Usually, you should use the open process command only to start up programs that run in the background, without any user interaction. When you are finished with the process, use the close process command to cause it to exit.

You can optionally specify either text or binary mode. If you specify text mode, when you use the write to process command, any line feed and return characters are translated to the appropriate end-of-line marker for the current operating system before being written to the process. (The end-of-line marker on Mac OS and OS X systems is a return character; on Unix, a line feed; on Windows, a CRLF.) If you specify binary mode, return and line feed characters are not translated. If you don't specify a mode, the process is opened in text mode.

Use the read form to open the process for reading. If the process is opened for reading, you can use the read from process command to examine its output, but you can't send data to it.

Use the write form to open the process for writing. If the process is opened for writing, you can use the write to process command to send input data to it.

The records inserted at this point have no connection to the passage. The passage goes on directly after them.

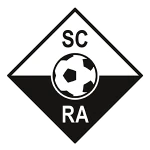 SCR Altach logo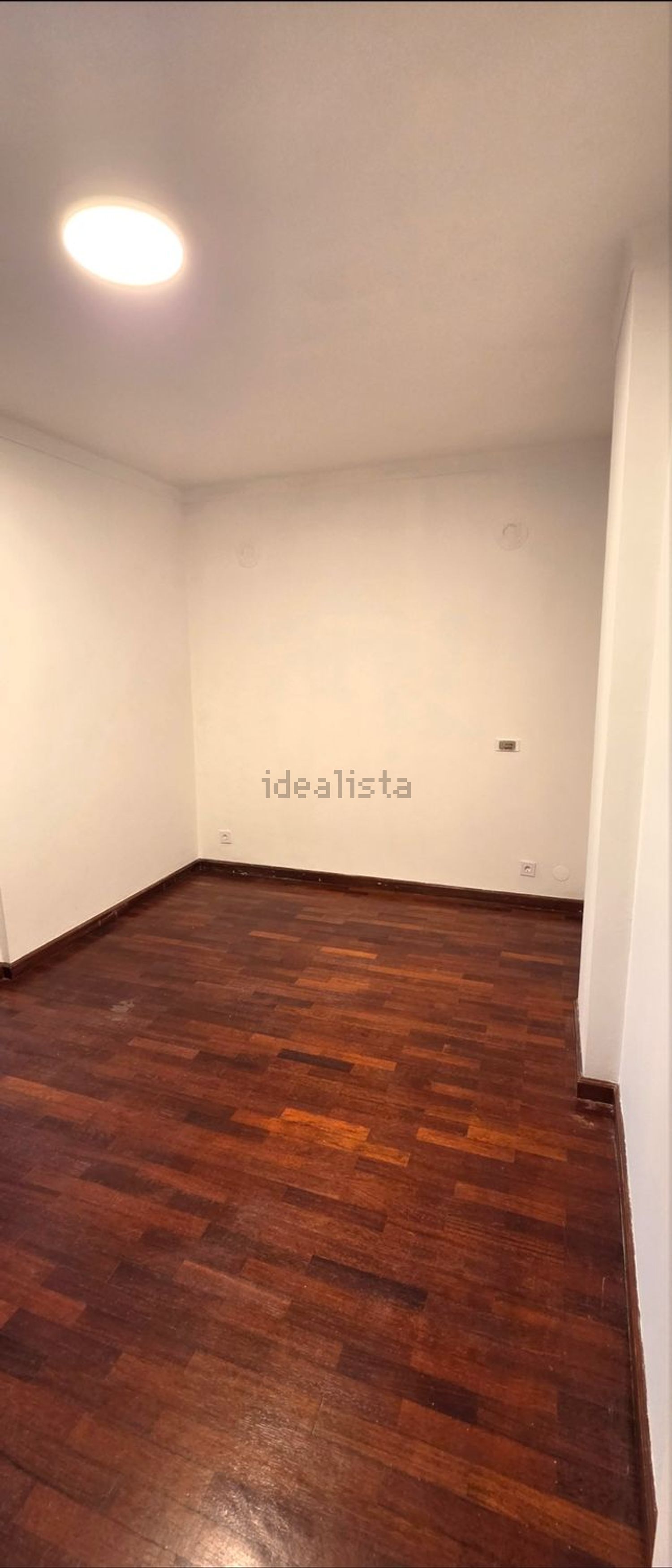出租公寓 t2在Avenida Doutor Joaquim de Carvalho, 1 - 卧室
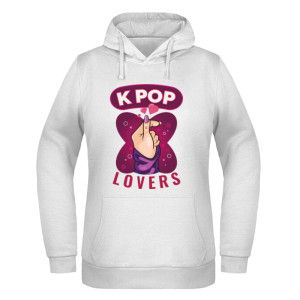 K-pop Lovers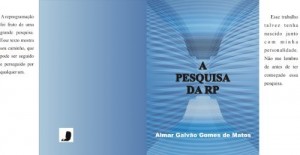 Baixar A Pesquisa da RP (Portuguese Edition) pdf, epub, eBook
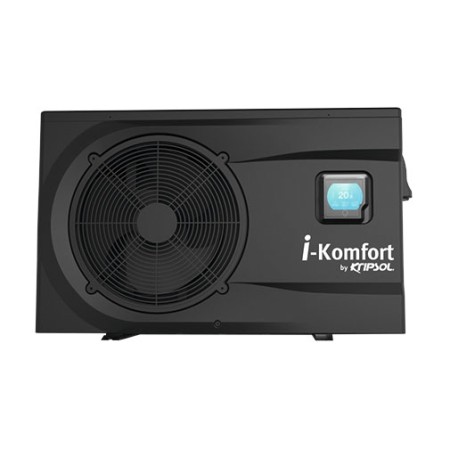 Bomba calor inverter i-Komfort 9 kW - Hayward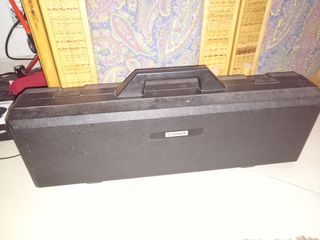 Casio MT-800 tastiera synth piano keyboard speaker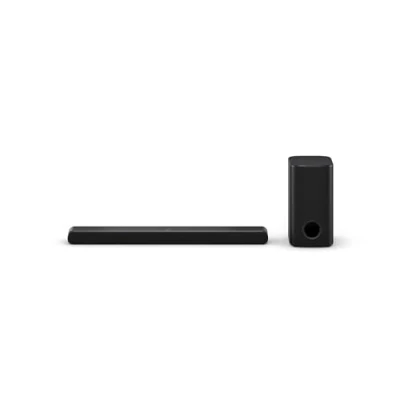 Abbildung von LG DS77TY 3.1.3 Soundbar (Bluetooth, 400 W)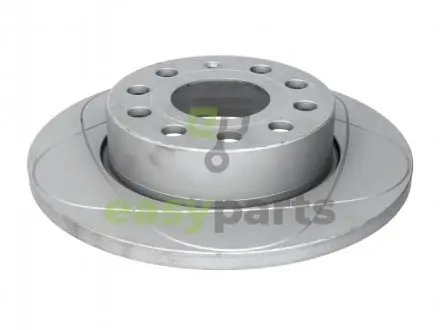 Гальмівний диск ATE 24.0312-0158.1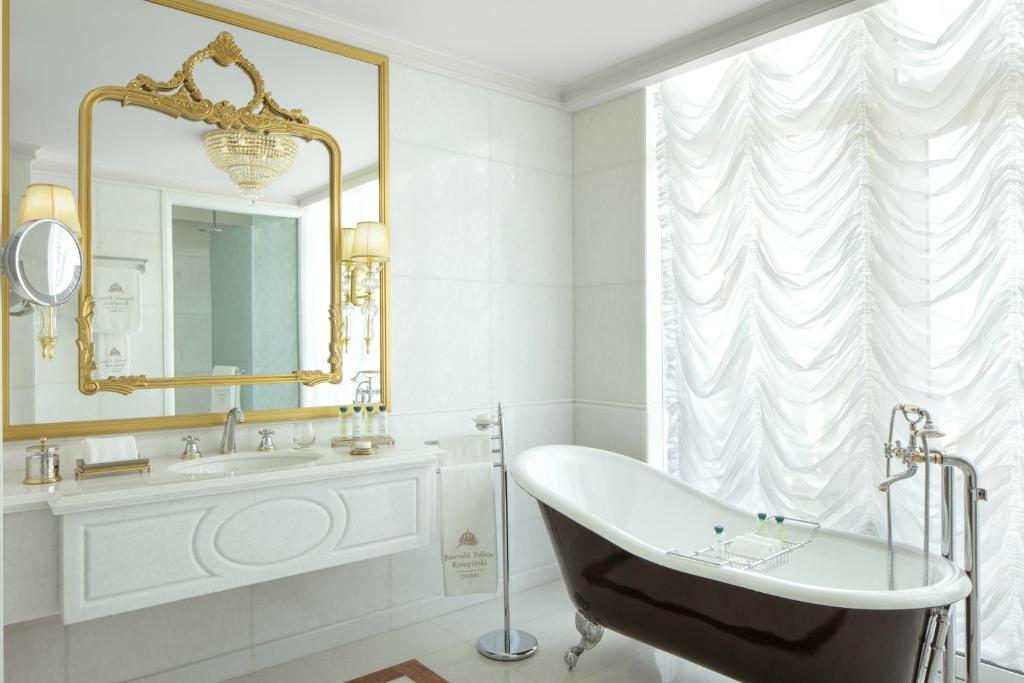 Double Deluxe Garden View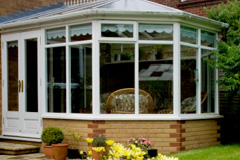 conservatories Great Berry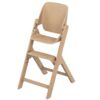 Maxi cosi nesta seggiolone natural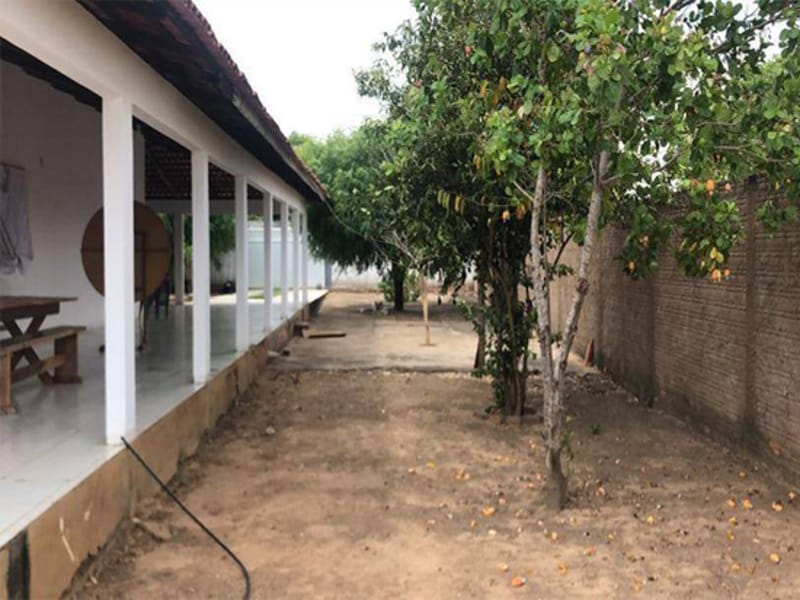 Casa - Sambaíba - MA, localizado em Sambaíba - MA, bairro Centro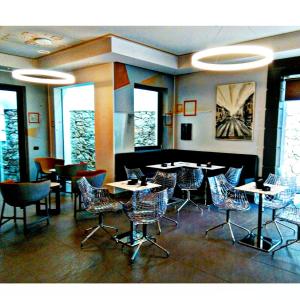 Φωτογραφία από το άλμπουμ του Hotel I Narcisi σε Siniscola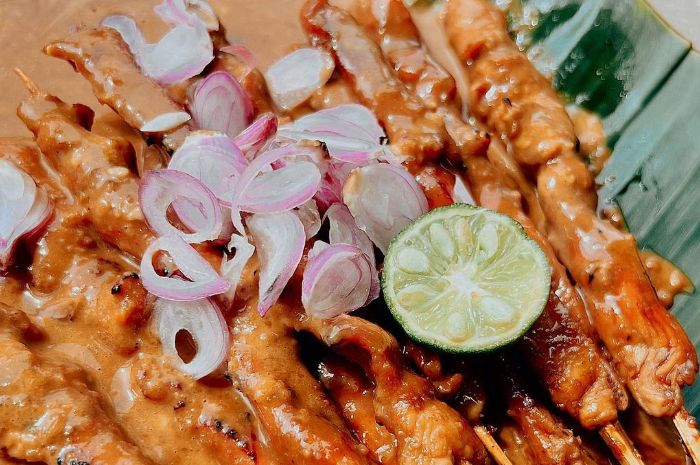 Rekomendasi sate ponorogo enak, menu buka puasa Ramadhan 2023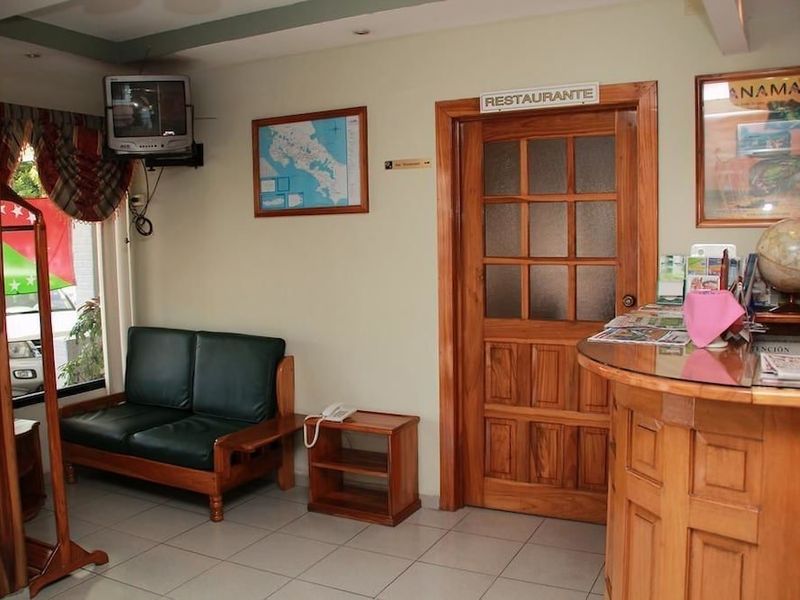 Hotel Photo 7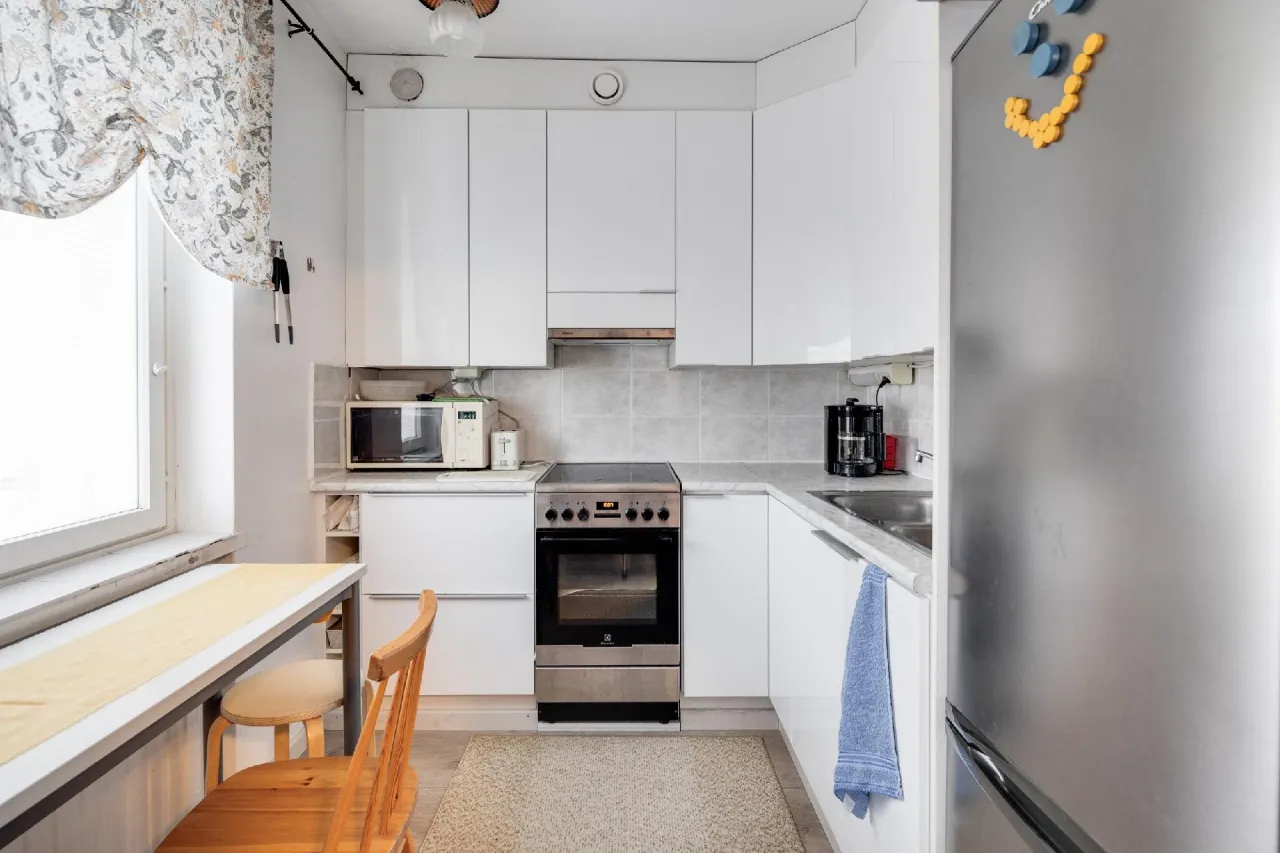 Квартира в Вантаа, Финляндия, 51 м² - фото 7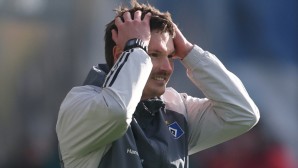HSV, Debüt, 2. Liga, Merlin Polzin, Holstein Kiel, FC Schalke 04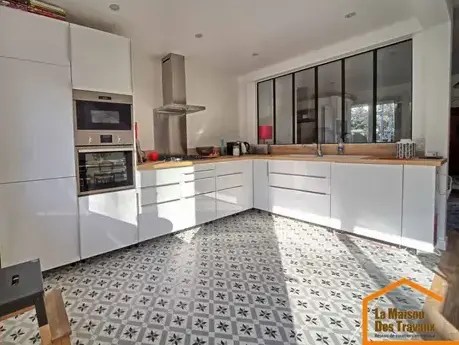 charpentier couvreur à La Milesse - image 4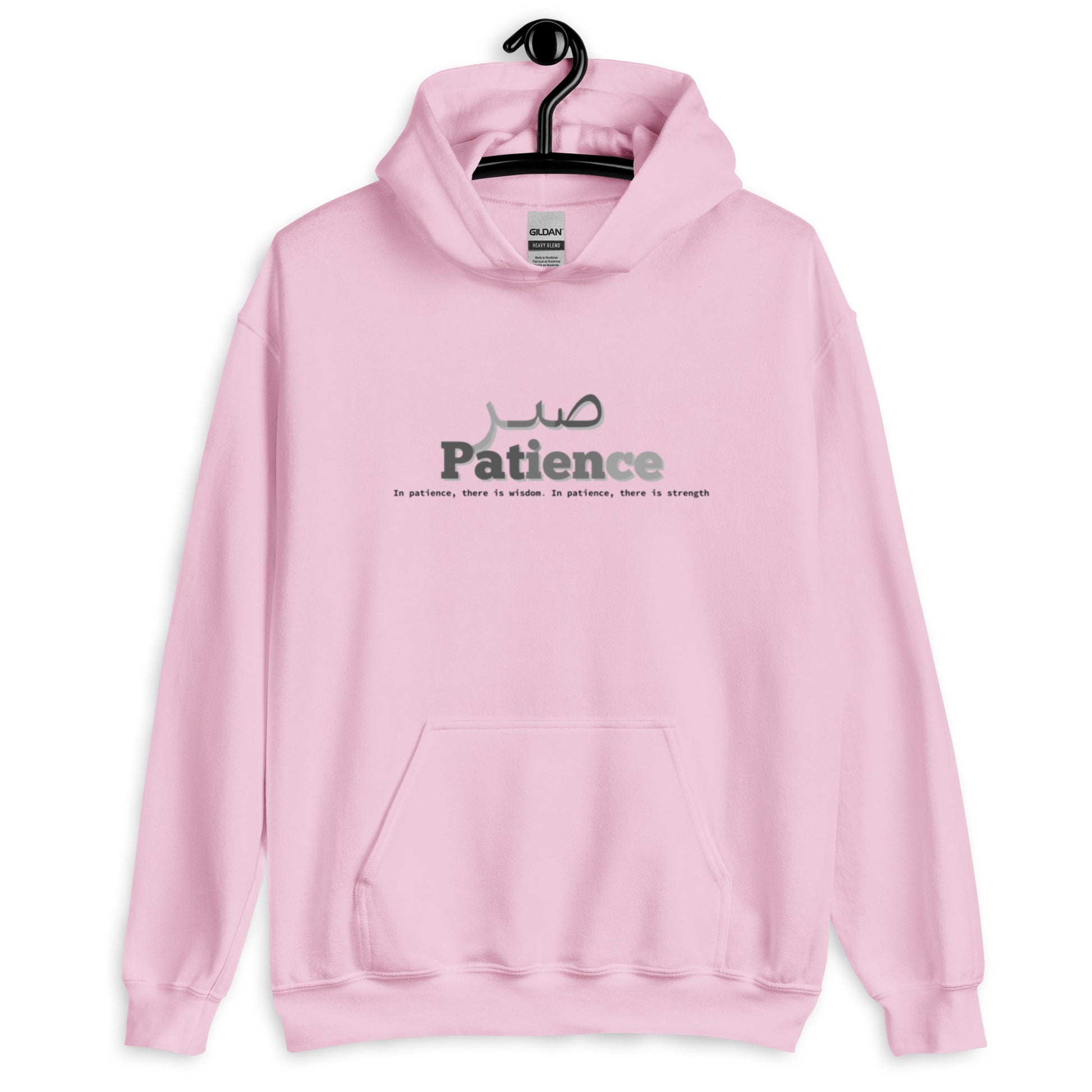 Baby Pink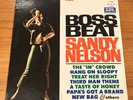 Sandy Nelson ‎– Boss Beat  Imperial ‎– LP-12298 1965 Oldies  LP Still Sealed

Use the update form to open the file for both reading and writing. If the file is opened for update, you can use both the read from process and write to process commands to send input to it or get output from it.

Use the neither form to run the process without reading data from it or sending data to it. (Using this form is equivalent to using the launch command to start up a program.) Processes opened with the neither form will quit automatically when finished running.

When you quit the application, processes opened with the read, write, or update forms are quit automatically.

Note: On OS X systems, you can use the open process command to start up an application, but not a Unix process. To work with a Unix process, use the shell func instead.

Changes to Revolution:

In versions before 1.1.1, when you quit the application, any processes that had been opened with the neither form were quit automatically on Windows systems.

Support for using the open process command on OS X systems was added in version 2.0.